§ Your instructions: Each of the entries should be output exactly, with nothing left out.

§ Records supplied:
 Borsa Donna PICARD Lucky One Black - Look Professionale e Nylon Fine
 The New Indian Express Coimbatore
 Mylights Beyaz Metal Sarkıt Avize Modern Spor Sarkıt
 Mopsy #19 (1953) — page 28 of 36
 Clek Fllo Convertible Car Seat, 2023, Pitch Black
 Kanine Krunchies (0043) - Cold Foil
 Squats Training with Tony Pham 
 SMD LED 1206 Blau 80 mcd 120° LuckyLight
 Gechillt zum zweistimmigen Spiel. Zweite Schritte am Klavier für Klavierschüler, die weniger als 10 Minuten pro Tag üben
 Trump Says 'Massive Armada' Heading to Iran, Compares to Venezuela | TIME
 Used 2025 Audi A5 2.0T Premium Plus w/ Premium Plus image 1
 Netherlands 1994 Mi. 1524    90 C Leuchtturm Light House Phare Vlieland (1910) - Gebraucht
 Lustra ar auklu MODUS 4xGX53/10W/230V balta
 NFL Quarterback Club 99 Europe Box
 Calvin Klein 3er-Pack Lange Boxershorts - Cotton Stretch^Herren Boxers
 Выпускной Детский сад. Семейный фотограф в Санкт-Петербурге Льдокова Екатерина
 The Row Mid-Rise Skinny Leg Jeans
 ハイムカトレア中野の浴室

§ Exercise solution:
 Borsa Donna PICARD Lucky One Black - Look Professionale e Nylon Fine
 The New Indian Express Coimbatore
 Mylights Beyaz Metal Sarkıt Avize Modern Spor Sarkıt
 Mopsy #19 (1953) — page 28 of 36
 Clek Fllo Convertible Car Seat, 2023, Pitch Black
 Kanine Krunchies (0043) - Cold Foil
 Squats Training with Tony Pham 
 SMD LED 1206 Blau 80 mcd 120° LuckyLight
 Gechillt zum zweistimmigen Spiel. Zweite Schritte am Klavier für Klavierschüler, die weniger als 10 Minuten pro Tag üben
 Trump Says 'Massive Armada' Heading to Iran, Compares to Venezuela | TIME
 Used 2025 Audi A5 2.0T Premium Plus w/ Premium Plus image 1
 Netherlands 1994 Mi. 1524    90 C Leuchtturm Light House Phare Vlieland (1910) - Gebraucht
 Lustra ar auklu MODUS 4xGX53/10W/230V balta
 NFL Quarterback Club 99 Europe Box
 Calvin Klein 3er-Pack Lange Boxershorts - Cotton Stretch^Herren Boxers
 Выпускной Детский сад. Семейный фотограф в Санкт-Петербурге Льдокова Екатерина
 The Row Mid-Rise Skinny Leg Jeans
 ハイムカトレア中野の浴室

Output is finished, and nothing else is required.